As provided in and subject to the provisions of the Indenture, the Holder of this Security shall not have the right to institute any proceeding with respect to the Indenture or for the appointment of a receiver or trustee or for any other remedy thereunder, unless such Holder shall have previously given the Trustee written notice of a continuing Event of Default with respect to the Securities of this series, the Holders of not less than 25% in principal amount of the Securities of this series at the time Outstanding shall have made written request to the Trustee to institute proceedings in respect of such Event of Default as Trustee and offered the Trustee security or  indemnity satisfactory to it, and the Trustee shall not have received from the Holders of a majority in principal amount of Securities of this series at the time Outstanding a direction inconsistent with such request, and shall have failed to institute any such proceeding, for 60 days after receipt of such notice, request and offer of security or indemnity. The foregoing shall not apply to any suit instituted by the Holder of this Security for the enforcement of any payment of principal hereof or any premium or interest hereon on or after the respective due dates expressed herein.

No reference herein to the Indenture and no provision of this Security or of the Indenture shall alter or impair the obligation of the Company, which is absolute and unconditional, to pay the principal of and any premium and interest on this Security at the times, place and rate, and in the coin or currency, herein prescribed.

As provided in the Indenture and subject to certain limitations therein set forth, the transfer of this Security is registrable in the Security Register, upon surrender of this Security for registration of transfer at the office or agency of the Company in any place where the principal of and any premium and interest on this Security are payable, duly endorsed by, or accompanied by a written instrument of transfer in form satisfactory to the Company and the Security Registrar duly executed by, the Holder hereof or his attorney duly authorized in writing, and thereupon one or more new Securities of this series and of like tenor, of authorized denominations and for the same aggregate principal amount, will be issued to the designated transferee or transferees.

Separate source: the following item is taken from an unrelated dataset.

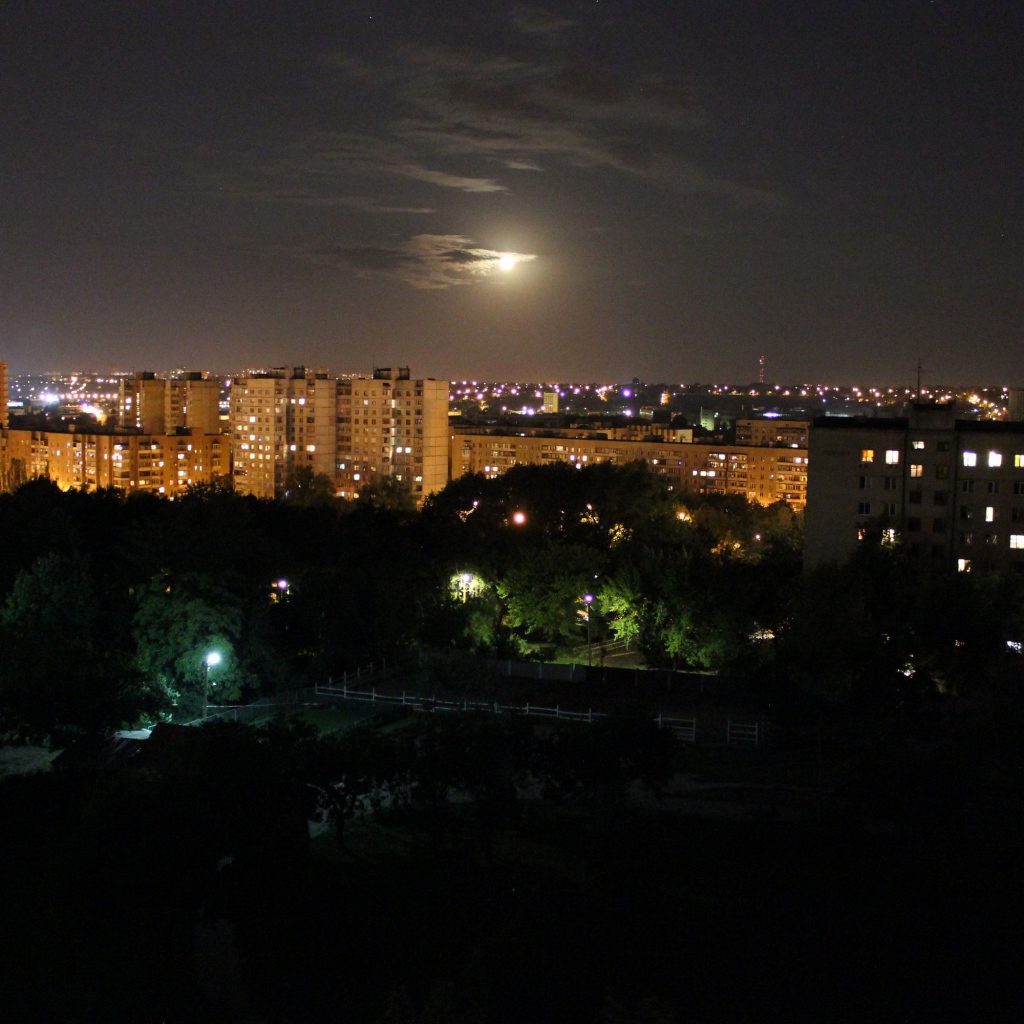 Ночной Харьков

The Securities of this series are issuable only in registered form without coupons in denominations of $1,000 and in integral multiples of $1,000 in excess thereof. As provided in the Indenture and subject to certain limitations therein set forth, Securities of this series are exchangeable for a like aggregate principal amount of Securities of this series and of like tenor of a different authorized denomination, as requested by the Holder surrendering the same.

No service charge shall be made for any such registration of transfer or exchange, but the Company may require payment of a sum sufficient to cover any tax or other governmental charge payable in connection therewith.

Prior to due presentment of this Security for registration of transfer, the Company, the Trustee and any agent of the Company or the Trustee may treat the Person in whose name this Security is registered as the owner hereof for all purposes, whether or not this Security be overdue, and neither the Company, the Trustee nor any such agent shall be affected by notice to the contrary.

All terms used in this Security which are defined in the Indenture shall have the meanings assigned to them in the Indenture.